Sunday, October 28, 2001

By Ed Bouchette, Post-Gazette Sports Writer

In baseball, you get the New York Yankees. In football, you simply get the New. Upsets, upstarts and upside down are popular words in the National Football League these days. Pete Rozelle is long gone, but even the late commissioner's dreams of parity could not have been this grand.

Last week, when underdogs won 11 of 13 games, brought it all home, but parity has been here for quite some time.

"It's a crazy league," said Ron Hill, the Atlanta Falcons' vice president of football operations. "This is nothing new. It's the same every year."

The 4-2 Cleveland Browns, in their third year of re-existence, already have won more games than they did last season, when they were 3-13. But expansion Jacksonville and Carolina reached conference championship games in their second years in the NFL, 1996.

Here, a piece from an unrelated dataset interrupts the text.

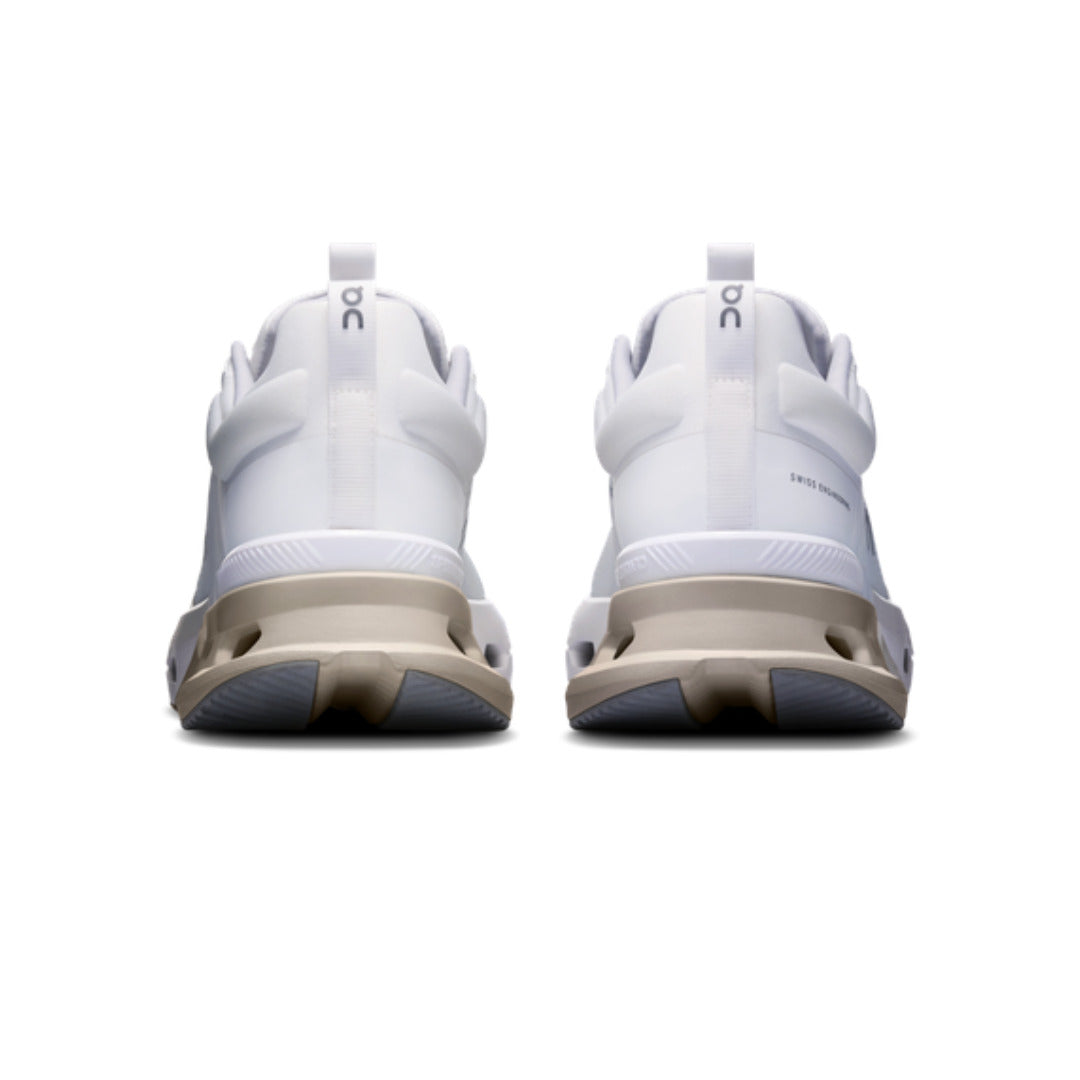 ON Running Cloudnova X White Glacier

The St. Louis Rams went 4-12 in 1998 and won the Super Bowl in 1999. Why not the Brownies?

Here goes that word again.

"It's crazy," said Floyd Reese, the Tennessee Titans' general manager. "If we'd have talked in July, and I would have said, OK, Baltimore, Jacksonville, Tennessee, Denver, Indianapolis -- none would be better than .500, you'd have thought I was insane. Here you are.

"If I told you Cleveland would be 4-2 and San Diego would be leading their division, you would have thought I was crazy. That's where it is right now. We're in the middle either of a giant turnaround or just confusion. Everyone's wondering what the heck's going on.

"You look at some of the scores on a weekly basis. You say, San Diego had how many and Cleveland had what? Did they switch scores? Nope. Wow, this thing is really topsy-turvy."

The seeds for all this were sewn in 1993, when management and the NFL Players Association agreed to a revolutionary collective bargaining agreement. It provided for a salary cap and a salary floor, and free agency. That theoretically spread the talent evenly.

But there were enough loopholes that rich owners or those with sweetheart stadium deals could get around them initially. Those began closing when the have-nots began building new stadiums that brought in more money.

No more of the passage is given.